In August 1991, I went to a Microsoft conference in Seattle. Although it
was the anniversary of the 5150, Bill Gates was making appearances on the
east coast, instead of being there.
They asked our opinion of the NEW flying ["dry rot" disintegrating] window
logo, and couldn't believe it that we did NOT love it.
I found out about, and got a copy of, a CD-ROM "International" Windows
3.0, with many languages, including Chinese! I loved being able to
install from CD, instead of boxes of floppies, and was glad that they were
at least trying to expand to the rest of the world.

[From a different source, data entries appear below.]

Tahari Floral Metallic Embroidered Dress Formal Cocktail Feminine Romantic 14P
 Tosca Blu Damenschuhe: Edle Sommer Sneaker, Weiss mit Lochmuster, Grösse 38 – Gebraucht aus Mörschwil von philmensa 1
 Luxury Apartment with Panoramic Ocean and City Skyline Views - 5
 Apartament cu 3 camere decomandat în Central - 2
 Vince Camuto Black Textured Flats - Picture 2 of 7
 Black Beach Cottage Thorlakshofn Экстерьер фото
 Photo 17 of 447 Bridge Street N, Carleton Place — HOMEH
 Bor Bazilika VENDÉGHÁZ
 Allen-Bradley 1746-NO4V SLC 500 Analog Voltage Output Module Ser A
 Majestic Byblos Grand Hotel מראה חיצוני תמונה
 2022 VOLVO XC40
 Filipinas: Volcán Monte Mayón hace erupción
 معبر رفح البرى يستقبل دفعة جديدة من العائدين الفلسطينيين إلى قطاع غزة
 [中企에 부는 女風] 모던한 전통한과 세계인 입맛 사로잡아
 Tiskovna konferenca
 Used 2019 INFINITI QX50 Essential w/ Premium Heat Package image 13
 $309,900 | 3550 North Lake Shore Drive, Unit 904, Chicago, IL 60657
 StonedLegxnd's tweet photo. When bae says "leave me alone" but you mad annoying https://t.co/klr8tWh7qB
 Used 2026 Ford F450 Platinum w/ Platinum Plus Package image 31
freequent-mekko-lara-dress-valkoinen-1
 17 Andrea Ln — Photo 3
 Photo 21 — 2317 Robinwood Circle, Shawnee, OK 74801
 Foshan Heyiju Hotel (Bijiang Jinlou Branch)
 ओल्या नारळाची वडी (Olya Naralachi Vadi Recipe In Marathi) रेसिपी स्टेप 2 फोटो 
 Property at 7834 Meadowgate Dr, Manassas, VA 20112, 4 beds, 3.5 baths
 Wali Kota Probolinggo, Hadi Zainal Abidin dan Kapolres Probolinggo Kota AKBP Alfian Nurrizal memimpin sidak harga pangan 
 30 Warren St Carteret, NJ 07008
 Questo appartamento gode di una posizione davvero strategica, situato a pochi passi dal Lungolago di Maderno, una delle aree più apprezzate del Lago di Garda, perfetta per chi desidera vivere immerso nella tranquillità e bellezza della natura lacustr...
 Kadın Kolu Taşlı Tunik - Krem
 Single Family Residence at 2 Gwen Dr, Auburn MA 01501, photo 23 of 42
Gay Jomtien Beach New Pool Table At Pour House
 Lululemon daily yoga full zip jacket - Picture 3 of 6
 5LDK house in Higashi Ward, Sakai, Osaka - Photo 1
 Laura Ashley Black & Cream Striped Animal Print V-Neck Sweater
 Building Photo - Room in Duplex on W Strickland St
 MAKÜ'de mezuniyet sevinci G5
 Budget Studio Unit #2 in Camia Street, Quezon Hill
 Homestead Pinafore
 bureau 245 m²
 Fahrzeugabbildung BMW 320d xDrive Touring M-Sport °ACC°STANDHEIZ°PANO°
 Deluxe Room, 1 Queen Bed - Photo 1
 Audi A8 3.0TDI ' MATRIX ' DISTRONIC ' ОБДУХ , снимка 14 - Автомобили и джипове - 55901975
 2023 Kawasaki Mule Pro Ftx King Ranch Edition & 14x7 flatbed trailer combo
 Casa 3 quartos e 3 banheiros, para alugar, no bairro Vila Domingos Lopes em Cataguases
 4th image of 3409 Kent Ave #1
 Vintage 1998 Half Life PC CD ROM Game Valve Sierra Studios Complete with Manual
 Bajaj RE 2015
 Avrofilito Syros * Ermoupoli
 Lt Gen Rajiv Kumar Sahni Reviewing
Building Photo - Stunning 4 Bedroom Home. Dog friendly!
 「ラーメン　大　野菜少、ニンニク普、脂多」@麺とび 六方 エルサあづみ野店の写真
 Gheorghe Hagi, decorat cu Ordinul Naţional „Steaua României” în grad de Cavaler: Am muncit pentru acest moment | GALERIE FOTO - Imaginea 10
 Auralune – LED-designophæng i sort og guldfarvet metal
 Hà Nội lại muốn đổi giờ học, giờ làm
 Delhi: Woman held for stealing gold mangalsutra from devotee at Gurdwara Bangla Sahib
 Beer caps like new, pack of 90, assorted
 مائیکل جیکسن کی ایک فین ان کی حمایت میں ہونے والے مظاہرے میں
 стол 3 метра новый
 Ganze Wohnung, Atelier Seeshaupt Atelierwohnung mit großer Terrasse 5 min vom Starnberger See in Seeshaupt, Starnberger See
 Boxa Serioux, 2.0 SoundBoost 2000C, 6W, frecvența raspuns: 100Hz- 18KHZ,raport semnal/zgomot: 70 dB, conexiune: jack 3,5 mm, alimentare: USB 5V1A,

They introduced Windows 3.1. But the borrowed Toshiba laptop that I had
with me had 1MB of contiguous RAM, but not A20 support, and 3.1 "NEEDED"
64K above 1MB for HIMEM.SYS, which "SOLVES the problem of not enough RAM".
3.1 also was the first product to force SMARTDRV.SYS. As soon as I got
home, I contacted the Win3.1 Beta program to tell them that write-cacheing
without a way to turn it off was a BIG problem. There was a bad spot on
the hard drive that I was installing it to that neither Spinrite nor
SpeedStor could find, but it consistently crashed the 3.1 installation.
But, with the forced write cacheing, there was NO possible way to recover.
(Without write-cacheing, you just rename the file that failed, and
manually install another copy of that one file)
I found the bad spot and put a SECTORS.BAD file there, and then was OK.
The Microsoft Beta program wanted cheerleaders, and ABSOLUTELY didn't want
any negative feedback nor bug reports, and insisted that the OS had no
responsibility to recover from nor survive hardware problems, and that
therefore it was not their problem. I told them that they would soon
have to do a recall (THAT was EXACTLY what happened with DOS 6.2x). They
did not invite me to participate in any more Betas.
I had a font editor that wouldn't tolerate 3.1, and quite a few XTs (no
A20), so I continued to keep Win 3.0 on a bunch of machines.